Last Updated 17 January 2018, 18:52 IST

When I was five, my parents left me with my mother's parents in old Madras. I joined the primary school in Sylvan Kilpauk and learnt my 'a-b-c' there, as well as my 'a-aa-e-ee-'. We played in the sand-pit, swung high and low and thumped on the seesaw while imbibing the rudiments of two languages and arithmetic. We sang hymns with the headmistress tapping the piano keys, quizzed on the capitals of Poland or France or even the US of A, and heard the story of King Bruce and the spider with the motto, "Try, try, try again!"

When I came to Class V, my parents, now posted to Thanjavur, reclaimed me. I switched to the Tamil medium at high school. It was wartime: 1940. On the coast of Coromandel, British Raj was galvanised by air-raid sirens, underground shelters, rationing of rice, sugar, petrol, plus inflation and black markets.

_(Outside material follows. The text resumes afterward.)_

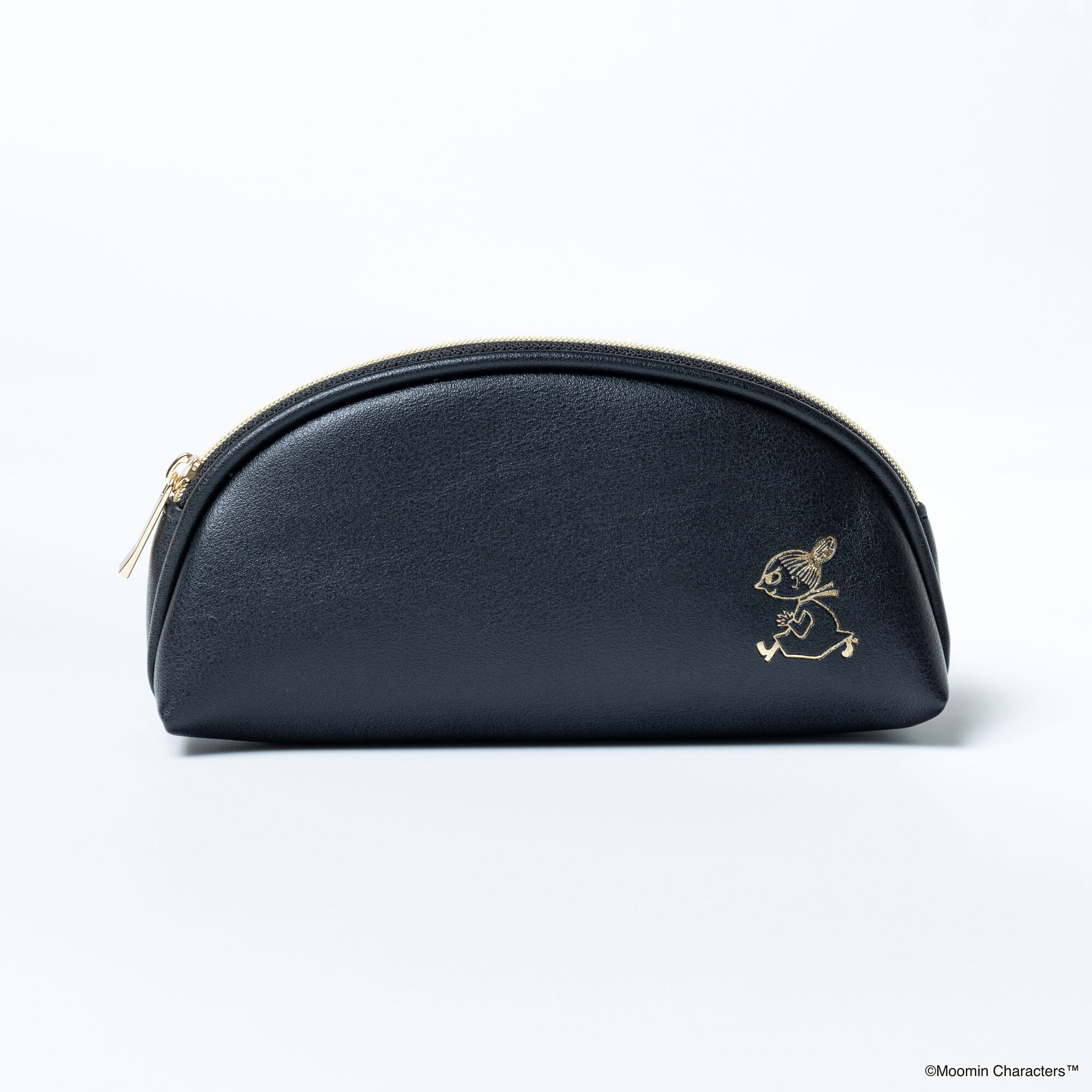  「MOOMIN FOILメガネケース」|ポーチ|BLK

I loved forming letters in copybooks with pages evenly ruled in three-line sets, like telegraph lines along the railway. Thathu was a stickler for neat handwriting. He wrote a "copperplate" script, inked by steel-pens, legible even after a 100 years. I liked the loops for h, j and y, above the middle line or below; but disliked the instruction, "cross the t's and dot the i's".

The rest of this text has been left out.